[[ Data for review open ]]

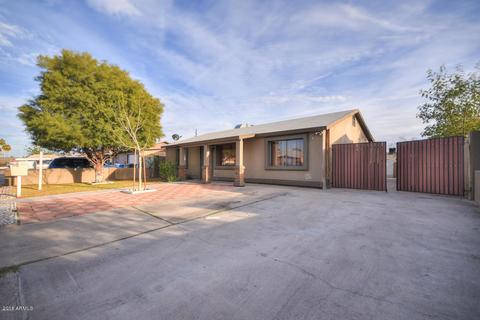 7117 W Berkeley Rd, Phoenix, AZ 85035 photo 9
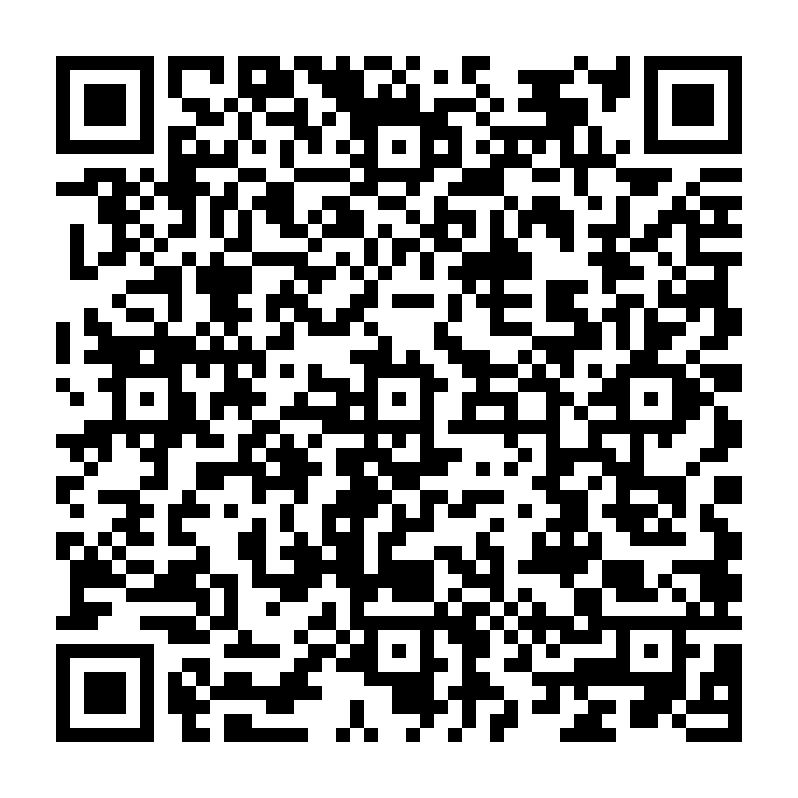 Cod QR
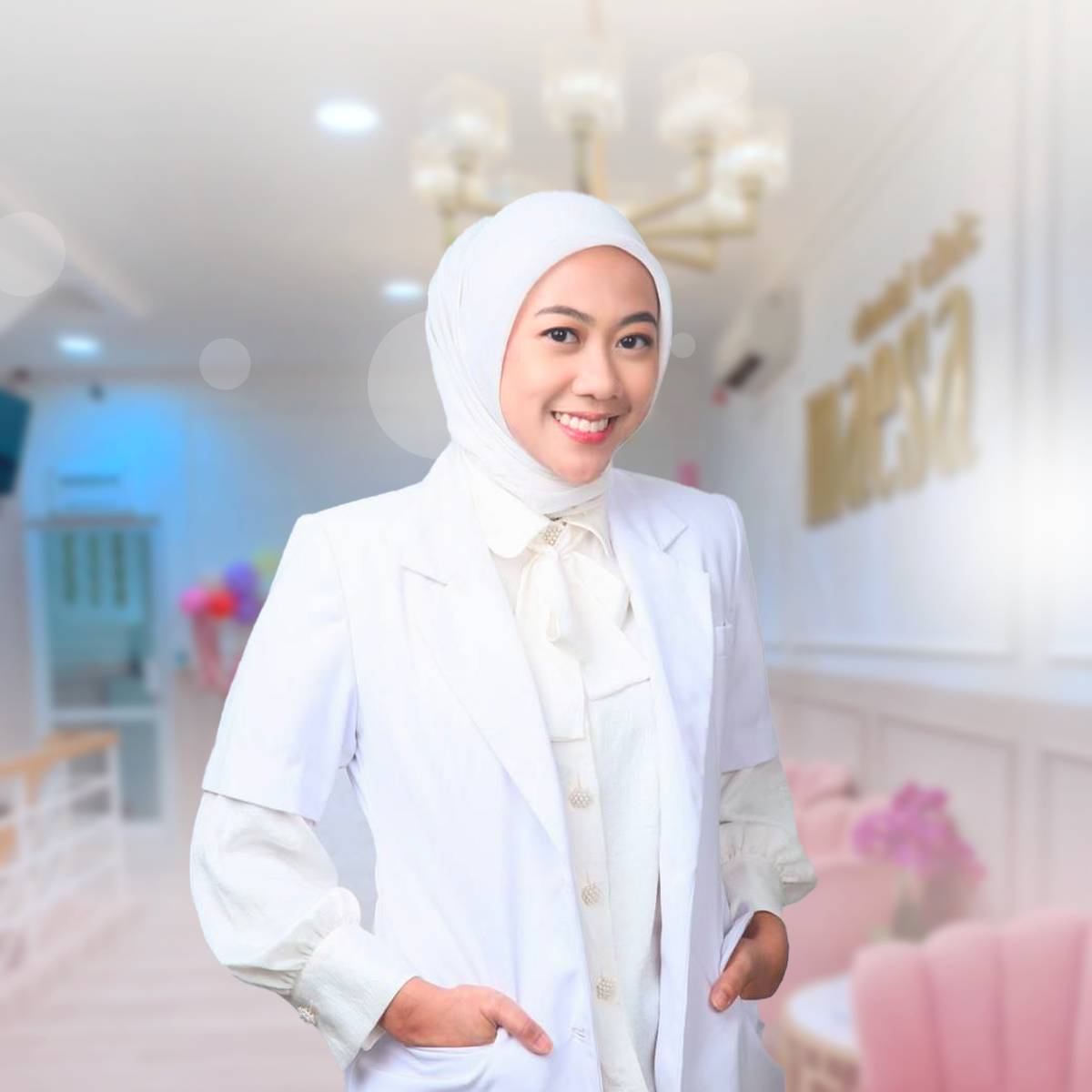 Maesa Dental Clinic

[[ Data for review closed ]]
[[ Data for review open ]]

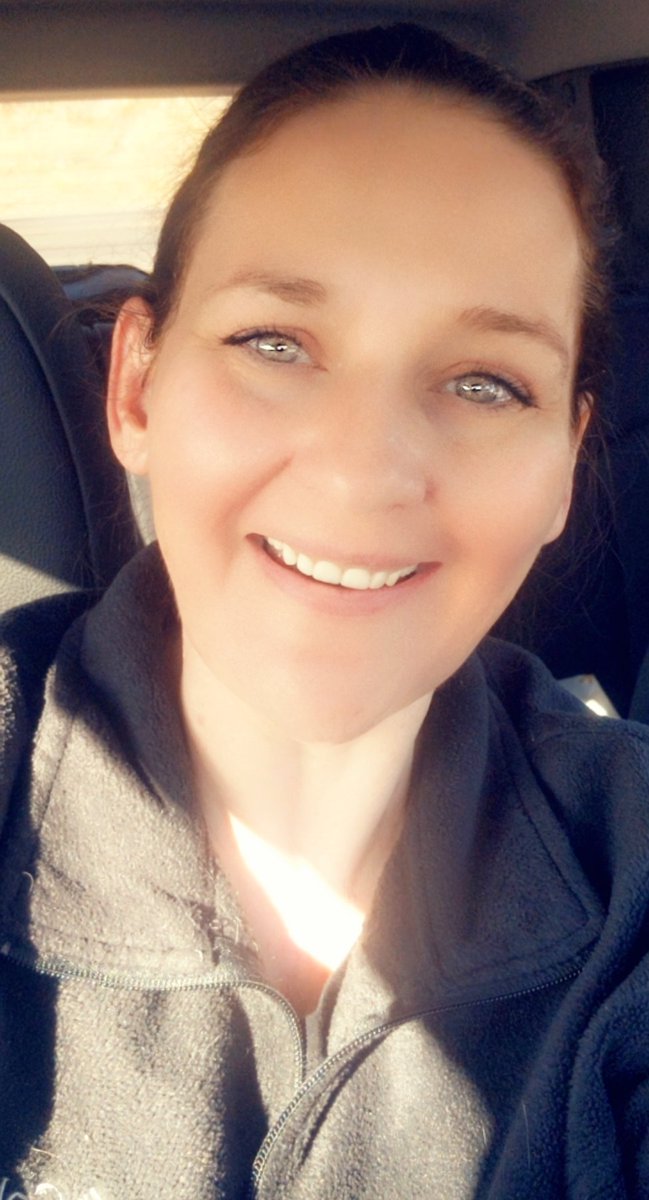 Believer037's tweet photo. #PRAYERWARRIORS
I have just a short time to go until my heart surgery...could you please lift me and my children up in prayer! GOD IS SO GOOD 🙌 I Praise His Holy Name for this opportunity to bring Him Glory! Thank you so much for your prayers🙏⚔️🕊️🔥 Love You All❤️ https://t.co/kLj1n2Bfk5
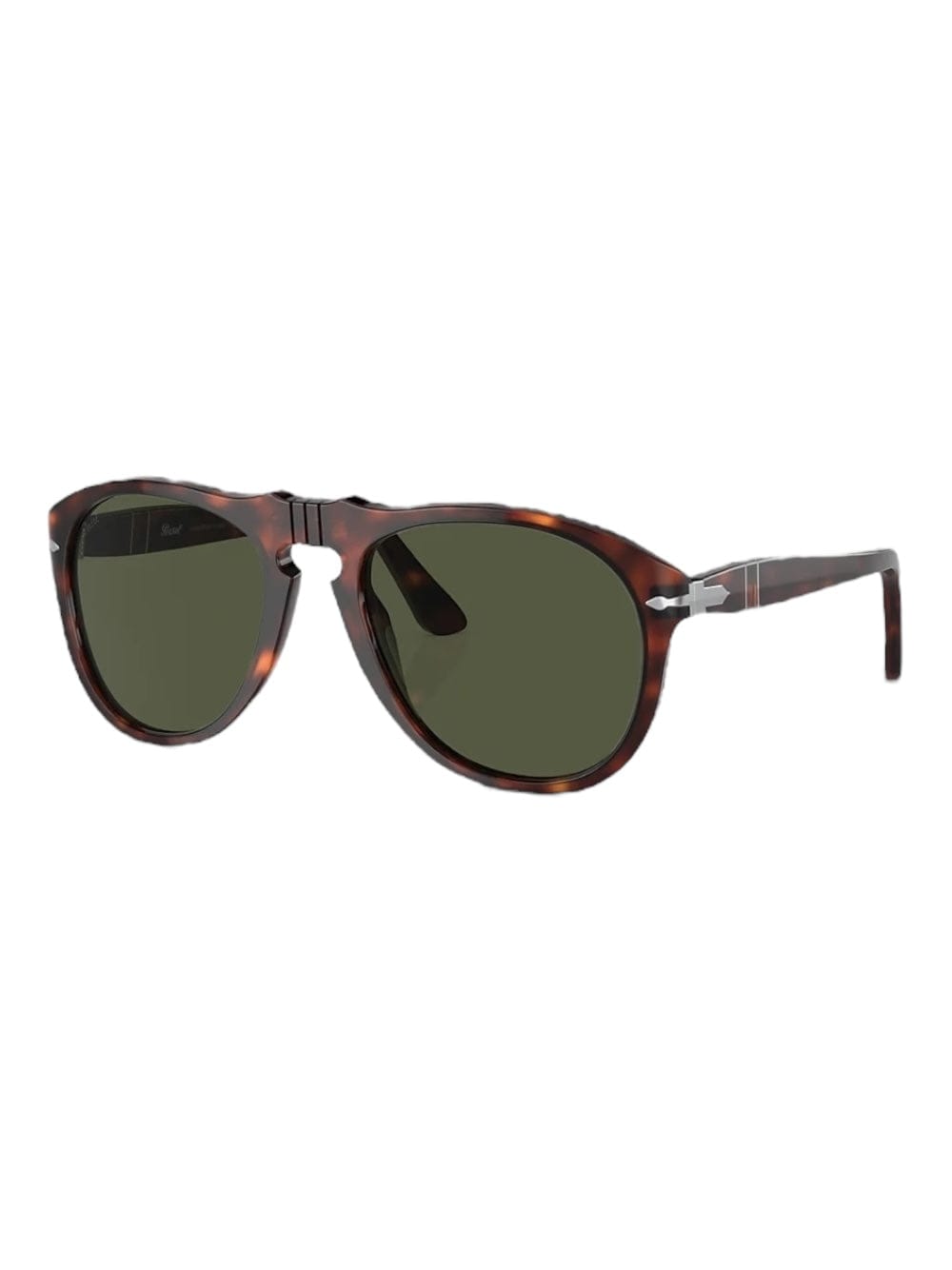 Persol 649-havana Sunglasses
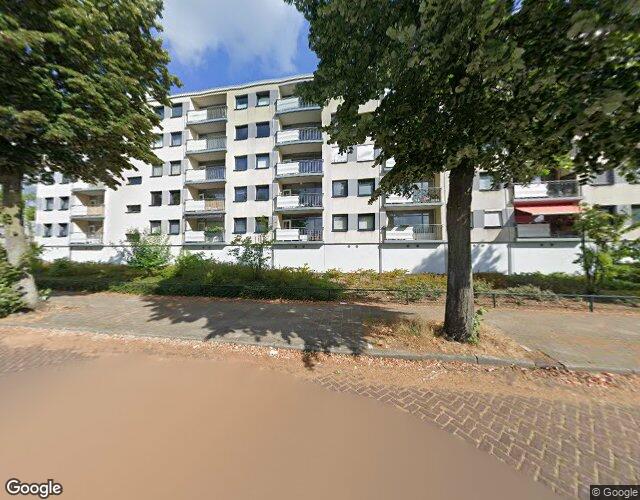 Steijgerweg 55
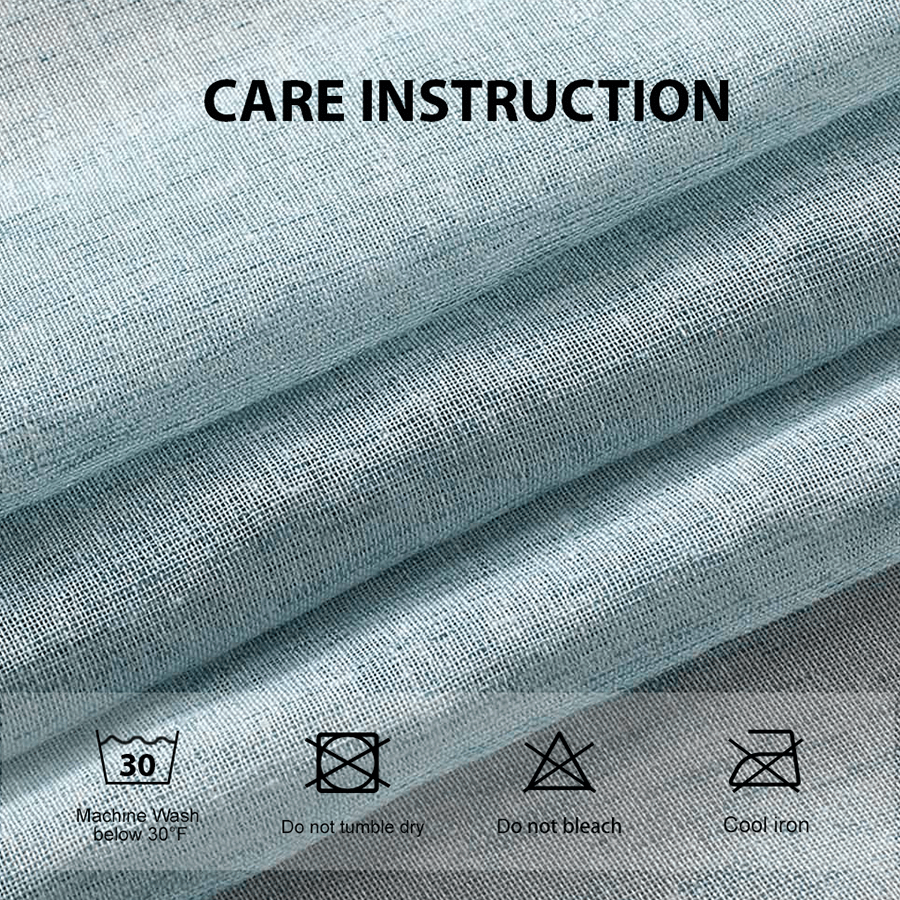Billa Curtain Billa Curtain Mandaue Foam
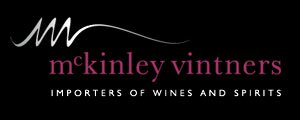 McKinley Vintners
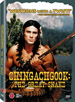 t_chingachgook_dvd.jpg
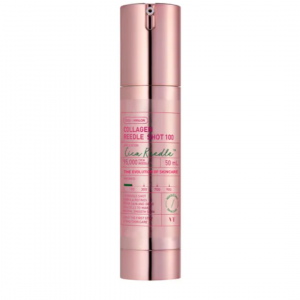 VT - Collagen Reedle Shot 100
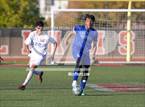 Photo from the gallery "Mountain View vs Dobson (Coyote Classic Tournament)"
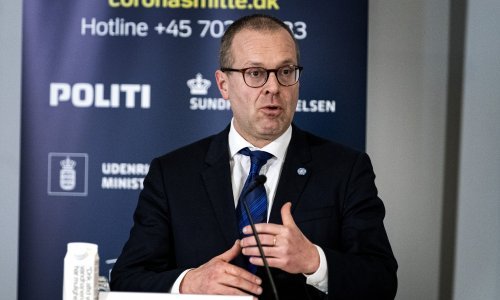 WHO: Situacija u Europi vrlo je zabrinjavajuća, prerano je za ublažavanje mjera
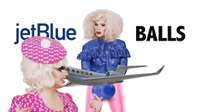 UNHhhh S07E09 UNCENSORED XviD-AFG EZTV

[[ Data for review closed ]]

■ **Try it**: Copy word for word only the lines above from the one with "VT - Collagen Reedle Shot 100" through the one with "UNHhhh S07E09 UNCENSORED XviD-AFG EZTV". Leave pictures out.

■ **Answer area**:
 VT - Collagen Reedle Shot 100
 Photo from the gallery "Mountain View vs Dobson (Coyote Classic Tournament)"
 WHO: Situacija u Europi vrlo je zabrinjavajuća, prerano je za ublažavanje mjera
 UNHhhh S07E09 UNCENSORED XviD-AFG EZTV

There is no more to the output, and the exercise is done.